Nothing but the lines from the one containing "AUDI A4 35 TDI/163" through the one containing "ESI PROPOLAID C 1000 20TAV EFF", both included, should be given again, each exactly as written below.

*****

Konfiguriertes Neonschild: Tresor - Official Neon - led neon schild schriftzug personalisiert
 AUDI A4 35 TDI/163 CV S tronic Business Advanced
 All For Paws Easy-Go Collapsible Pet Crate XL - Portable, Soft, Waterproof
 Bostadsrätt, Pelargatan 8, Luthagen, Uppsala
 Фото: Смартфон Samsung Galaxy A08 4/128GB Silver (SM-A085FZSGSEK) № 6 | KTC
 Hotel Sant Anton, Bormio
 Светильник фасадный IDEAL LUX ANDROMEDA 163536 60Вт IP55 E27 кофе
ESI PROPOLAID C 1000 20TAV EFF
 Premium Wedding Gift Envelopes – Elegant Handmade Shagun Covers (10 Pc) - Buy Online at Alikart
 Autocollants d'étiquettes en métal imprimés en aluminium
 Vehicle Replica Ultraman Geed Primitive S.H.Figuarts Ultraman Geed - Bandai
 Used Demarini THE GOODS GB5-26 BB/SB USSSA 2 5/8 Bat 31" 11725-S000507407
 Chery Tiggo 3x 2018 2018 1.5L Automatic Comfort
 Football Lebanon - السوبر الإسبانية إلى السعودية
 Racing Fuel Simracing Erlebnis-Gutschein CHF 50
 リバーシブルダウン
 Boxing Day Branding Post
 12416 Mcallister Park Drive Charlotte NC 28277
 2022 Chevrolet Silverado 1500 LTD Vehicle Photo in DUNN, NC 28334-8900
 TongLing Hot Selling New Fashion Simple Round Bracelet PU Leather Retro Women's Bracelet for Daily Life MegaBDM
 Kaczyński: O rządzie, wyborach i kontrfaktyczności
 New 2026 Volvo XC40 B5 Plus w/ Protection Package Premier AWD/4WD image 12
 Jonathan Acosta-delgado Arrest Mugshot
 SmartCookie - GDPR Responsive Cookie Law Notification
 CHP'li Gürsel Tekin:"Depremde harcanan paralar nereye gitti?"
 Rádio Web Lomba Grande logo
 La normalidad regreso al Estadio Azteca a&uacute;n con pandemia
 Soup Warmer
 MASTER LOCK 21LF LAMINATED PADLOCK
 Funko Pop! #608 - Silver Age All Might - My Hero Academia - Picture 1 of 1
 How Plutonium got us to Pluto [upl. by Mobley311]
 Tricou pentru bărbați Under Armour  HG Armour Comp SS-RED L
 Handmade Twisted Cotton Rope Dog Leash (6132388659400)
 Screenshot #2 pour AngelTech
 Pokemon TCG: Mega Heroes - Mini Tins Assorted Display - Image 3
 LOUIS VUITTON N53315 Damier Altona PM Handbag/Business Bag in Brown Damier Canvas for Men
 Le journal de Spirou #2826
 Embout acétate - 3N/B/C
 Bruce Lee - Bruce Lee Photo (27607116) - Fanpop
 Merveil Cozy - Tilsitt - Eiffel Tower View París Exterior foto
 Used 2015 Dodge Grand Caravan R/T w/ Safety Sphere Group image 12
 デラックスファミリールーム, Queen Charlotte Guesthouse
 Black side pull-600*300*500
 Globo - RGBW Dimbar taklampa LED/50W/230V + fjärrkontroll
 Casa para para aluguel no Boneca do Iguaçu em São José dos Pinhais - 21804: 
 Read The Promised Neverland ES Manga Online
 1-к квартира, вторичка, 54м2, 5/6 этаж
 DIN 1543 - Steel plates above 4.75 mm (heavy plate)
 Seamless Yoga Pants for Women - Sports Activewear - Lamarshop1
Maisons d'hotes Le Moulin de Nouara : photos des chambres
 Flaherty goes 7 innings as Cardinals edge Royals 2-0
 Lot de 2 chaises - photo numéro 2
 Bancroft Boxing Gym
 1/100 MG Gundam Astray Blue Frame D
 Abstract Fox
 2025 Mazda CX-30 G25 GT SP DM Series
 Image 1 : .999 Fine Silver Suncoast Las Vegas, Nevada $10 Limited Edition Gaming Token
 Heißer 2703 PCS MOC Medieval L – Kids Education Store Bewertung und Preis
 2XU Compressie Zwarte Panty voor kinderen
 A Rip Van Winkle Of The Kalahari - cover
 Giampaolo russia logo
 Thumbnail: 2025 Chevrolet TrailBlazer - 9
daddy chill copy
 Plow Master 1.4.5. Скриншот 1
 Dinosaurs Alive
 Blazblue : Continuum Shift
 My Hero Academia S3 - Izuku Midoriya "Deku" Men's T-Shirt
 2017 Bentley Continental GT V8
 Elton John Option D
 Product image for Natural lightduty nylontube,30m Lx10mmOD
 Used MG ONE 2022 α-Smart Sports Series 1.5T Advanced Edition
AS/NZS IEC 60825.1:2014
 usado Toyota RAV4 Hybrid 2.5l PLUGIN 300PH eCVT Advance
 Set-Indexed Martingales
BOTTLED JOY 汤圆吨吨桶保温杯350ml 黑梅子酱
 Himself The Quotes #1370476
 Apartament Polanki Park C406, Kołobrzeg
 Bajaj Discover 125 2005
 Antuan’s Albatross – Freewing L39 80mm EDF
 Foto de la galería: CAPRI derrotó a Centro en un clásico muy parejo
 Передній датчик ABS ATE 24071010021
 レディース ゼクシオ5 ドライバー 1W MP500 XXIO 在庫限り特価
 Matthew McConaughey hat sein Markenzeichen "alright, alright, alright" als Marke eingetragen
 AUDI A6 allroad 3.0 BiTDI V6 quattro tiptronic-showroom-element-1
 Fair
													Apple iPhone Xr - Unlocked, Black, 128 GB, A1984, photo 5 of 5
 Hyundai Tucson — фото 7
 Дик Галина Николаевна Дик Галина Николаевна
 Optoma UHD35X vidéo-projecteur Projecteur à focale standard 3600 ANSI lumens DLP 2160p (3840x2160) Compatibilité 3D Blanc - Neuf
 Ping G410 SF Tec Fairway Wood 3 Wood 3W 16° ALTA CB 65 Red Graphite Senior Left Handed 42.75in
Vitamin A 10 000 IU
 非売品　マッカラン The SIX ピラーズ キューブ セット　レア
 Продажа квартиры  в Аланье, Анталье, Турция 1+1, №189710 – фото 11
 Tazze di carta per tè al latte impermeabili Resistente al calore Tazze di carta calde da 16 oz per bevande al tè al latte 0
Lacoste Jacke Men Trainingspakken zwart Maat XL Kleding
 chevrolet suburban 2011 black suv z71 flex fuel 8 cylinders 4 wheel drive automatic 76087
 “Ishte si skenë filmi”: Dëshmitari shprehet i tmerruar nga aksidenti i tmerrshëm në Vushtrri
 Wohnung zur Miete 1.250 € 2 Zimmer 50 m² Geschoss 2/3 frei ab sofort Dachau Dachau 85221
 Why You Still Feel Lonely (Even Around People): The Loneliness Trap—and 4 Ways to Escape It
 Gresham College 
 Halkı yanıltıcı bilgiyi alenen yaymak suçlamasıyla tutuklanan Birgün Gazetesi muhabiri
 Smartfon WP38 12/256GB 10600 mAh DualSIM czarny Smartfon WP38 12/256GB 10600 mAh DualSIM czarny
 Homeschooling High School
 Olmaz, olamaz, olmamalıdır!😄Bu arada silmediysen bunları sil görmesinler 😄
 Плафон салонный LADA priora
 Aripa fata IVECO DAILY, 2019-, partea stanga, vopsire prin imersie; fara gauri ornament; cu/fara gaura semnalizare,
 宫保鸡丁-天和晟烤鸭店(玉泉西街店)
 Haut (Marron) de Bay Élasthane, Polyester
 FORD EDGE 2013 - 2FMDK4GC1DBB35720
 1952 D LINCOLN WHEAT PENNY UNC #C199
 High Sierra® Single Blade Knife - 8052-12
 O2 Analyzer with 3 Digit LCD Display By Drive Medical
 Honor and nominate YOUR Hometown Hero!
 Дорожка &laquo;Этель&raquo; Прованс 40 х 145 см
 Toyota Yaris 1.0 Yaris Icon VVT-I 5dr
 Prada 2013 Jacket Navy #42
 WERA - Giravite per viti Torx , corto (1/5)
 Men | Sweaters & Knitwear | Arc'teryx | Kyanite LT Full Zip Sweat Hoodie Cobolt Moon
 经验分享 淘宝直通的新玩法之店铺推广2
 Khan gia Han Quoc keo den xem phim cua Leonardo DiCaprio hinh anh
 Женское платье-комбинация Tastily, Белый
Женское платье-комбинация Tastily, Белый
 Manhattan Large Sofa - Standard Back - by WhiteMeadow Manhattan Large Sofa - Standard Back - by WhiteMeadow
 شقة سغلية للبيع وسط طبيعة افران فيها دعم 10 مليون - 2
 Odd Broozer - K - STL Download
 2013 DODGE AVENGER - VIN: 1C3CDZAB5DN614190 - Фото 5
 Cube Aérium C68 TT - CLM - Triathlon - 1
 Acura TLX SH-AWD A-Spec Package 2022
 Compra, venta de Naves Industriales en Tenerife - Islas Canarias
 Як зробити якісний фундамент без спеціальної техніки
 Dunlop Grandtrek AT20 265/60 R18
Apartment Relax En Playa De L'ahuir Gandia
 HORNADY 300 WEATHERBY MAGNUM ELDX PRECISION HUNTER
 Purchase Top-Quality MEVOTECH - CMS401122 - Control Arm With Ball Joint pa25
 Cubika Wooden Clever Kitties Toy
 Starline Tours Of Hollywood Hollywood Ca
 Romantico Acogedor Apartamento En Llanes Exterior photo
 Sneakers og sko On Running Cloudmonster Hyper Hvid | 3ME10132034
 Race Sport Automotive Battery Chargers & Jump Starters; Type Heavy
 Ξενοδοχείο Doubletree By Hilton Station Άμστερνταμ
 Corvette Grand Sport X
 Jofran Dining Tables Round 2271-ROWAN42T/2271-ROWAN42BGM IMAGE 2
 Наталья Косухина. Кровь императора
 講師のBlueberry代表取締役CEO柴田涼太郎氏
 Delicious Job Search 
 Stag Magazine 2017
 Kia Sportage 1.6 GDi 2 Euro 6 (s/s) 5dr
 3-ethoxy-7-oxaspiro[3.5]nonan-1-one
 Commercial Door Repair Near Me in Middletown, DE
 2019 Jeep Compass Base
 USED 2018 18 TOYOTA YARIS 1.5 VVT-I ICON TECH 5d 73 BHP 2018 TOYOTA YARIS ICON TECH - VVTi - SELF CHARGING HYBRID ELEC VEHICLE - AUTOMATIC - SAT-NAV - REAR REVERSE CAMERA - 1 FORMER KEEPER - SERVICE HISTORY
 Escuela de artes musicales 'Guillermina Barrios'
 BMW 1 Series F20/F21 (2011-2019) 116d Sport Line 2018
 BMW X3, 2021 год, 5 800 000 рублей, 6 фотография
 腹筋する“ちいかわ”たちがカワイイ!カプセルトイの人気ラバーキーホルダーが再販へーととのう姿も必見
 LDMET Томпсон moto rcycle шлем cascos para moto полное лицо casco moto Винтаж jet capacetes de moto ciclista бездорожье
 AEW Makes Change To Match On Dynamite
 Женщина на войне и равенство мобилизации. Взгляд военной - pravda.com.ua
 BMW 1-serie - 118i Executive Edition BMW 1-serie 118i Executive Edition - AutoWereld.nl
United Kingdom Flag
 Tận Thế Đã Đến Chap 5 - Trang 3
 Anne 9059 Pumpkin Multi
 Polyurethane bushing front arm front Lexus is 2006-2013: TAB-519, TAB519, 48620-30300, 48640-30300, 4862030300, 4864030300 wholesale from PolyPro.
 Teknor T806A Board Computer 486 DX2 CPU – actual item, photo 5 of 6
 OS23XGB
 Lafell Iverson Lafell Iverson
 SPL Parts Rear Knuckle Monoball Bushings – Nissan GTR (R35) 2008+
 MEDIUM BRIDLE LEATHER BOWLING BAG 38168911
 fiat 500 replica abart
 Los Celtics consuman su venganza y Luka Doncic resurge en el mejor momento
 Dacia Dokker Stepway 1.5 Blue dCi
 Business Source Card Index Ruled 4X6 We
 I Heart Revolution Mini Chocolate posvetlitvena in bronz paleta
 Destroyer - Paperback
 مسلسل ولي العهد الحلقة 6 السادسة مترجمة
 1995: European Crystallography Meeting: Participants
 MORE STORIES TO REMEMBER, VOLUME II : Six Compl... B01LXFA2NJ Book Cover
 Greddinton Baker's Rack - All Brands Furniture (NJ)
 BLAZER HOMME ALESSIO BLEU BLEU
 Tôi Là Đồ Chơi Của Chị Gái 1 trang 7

*****

SOLUTION TO THIS PROBLEM:
 AUDI A4 35 TDI/163 CV S tronic Business Advanced
 All For Paws Easy-Go Collapsible Pet Crate XL - Portable, Soft, Waterproof
 Bostadsrätt, Pelargatan 8, Luthagen, Uppsala
 Фото: Смартфон Samsung Galaxy A08 4/128GB Silver (SM-A085FZSGSEK) № 6 | KTC
 Hotel Sant Anton, Bormio
 Светильник фасадный IDEAL LUX ANDROMEDA 163536 60Вт IP55 E27 кофе
ESI PROPOLAID C 1000 20TAV EFF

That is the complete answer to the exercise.